L’atmosphère est d’ailleurs chargée d’électricité lorsque Smith et Carlos se présentent dans une salle où sont entassés près de 400 journalistes. "Nous sommes noirs et nous sommes fiers d’être noirs. l’Amérique blanche ne nous reconnaît qu’en tant que champions olympiques, mais l’Amérique noire a compris pourquoi mon poing ganté de noir était levé vers le ciel. L’Amérique noire toute entière était derrière nous. Ils ont dit qu’un Américain avait gagné la course. Si j’avais fait quelque chose de mal, ils auraient dit qu’un nègre avait couru.", affirme Smith. «Le poing fermé symbolisait l’unité du peuple noir», détaille ensuite Carlos, avant de faire une déclaration «à la presse du monde entier» : «Quand nous sommes montés sur le podium, on nous a applaudis comme si nous étions des animaux ou des chevaux de course qui avaient bien fait leur travail. Mais nous ne sommes pas des animaux qui ne savent pas réfléchir après une course. Nous voulions vous prouver que nous n’étions pas des animaux noirs. Quand nous avons levé le poing, nous avons entendu des tas de Blancs nous huer. Ils nous traitaient jusqu’à présent de “braves garçons”. Mais nous ne sommes pas de braves garçons ou de braves animaux que l’on récompense par des cacahuètes. S’ils ne s’occupent pas de ce que les Noirs pensent en temps normal, qu’ils ne viennent pas voir les Noirs courir en public.»
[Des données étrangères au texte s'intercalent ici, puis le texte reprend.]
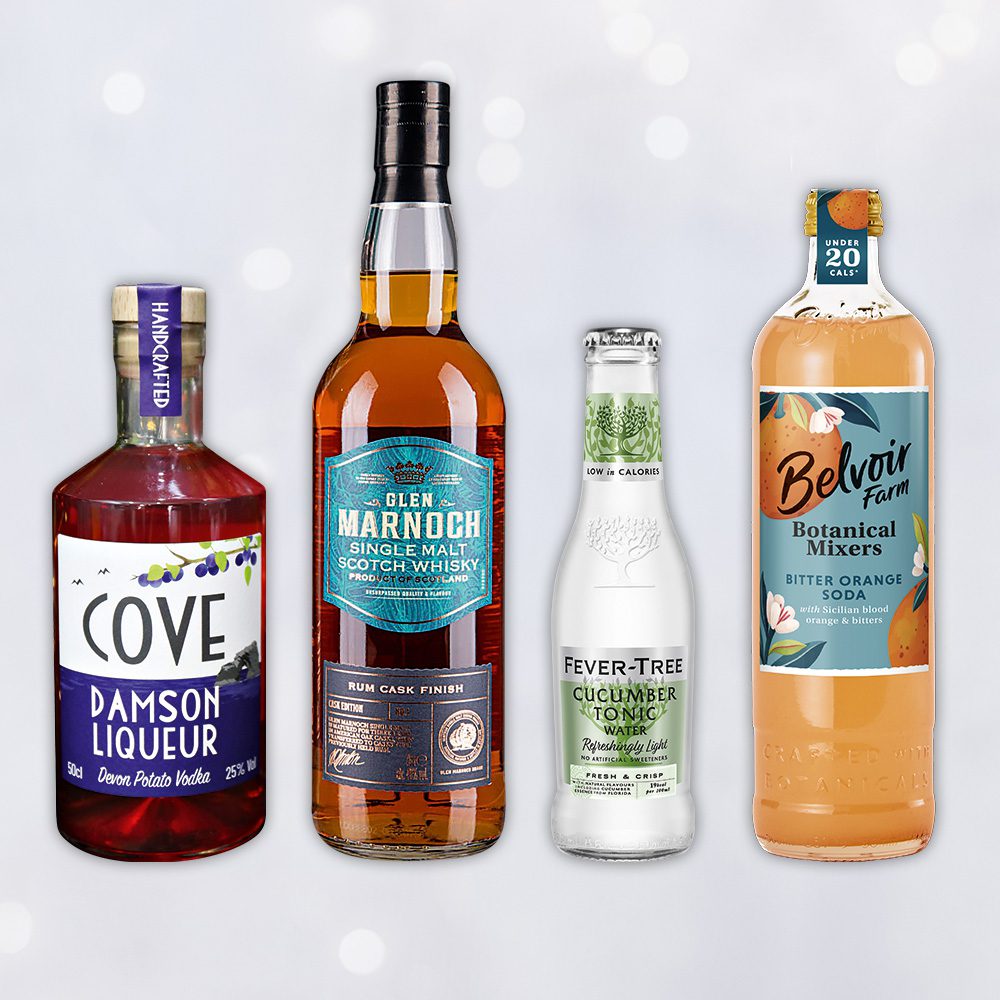 Best spirits, liqueurs and mixer for New Year's Eve parties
Plus tard dans la soirée, les responsables de l’équipe américaine s’emportent et leur réplique à l’attitude des athlètes, qui seront exclus à vie des Jeux, est glaciale. «Il faut simplement passer la main, oublier», assure Carl Roby, président du Comité olympique américain. «Ils se sont conduits en gamins et se sont plus ridiculisés eux-mêmes qu’ils ne nous ont ridiculisés. Ils veulent lever le poing, qu’ils le lèvent donc. Ils veulent se déchausser, qu’ils marchent pieds nus. Ces agissements enfantins ne nous touchent en aucun cas. […] Nous n’en discuterons même pas lors de notre prochaine réunion. Nous ne nous en souvenons déjà plus.» L’histoire, elle, s’en souviendra. «Il se passait tant de choses dans le monde qu’on devait tous y porter attention», se rappelle la sprinteuse américaine Wyomia Tyus, médaillée d’or sur 100 mètres et 4 X 100 m, qui dédiera cette dernière victoire à Smith et Carlos".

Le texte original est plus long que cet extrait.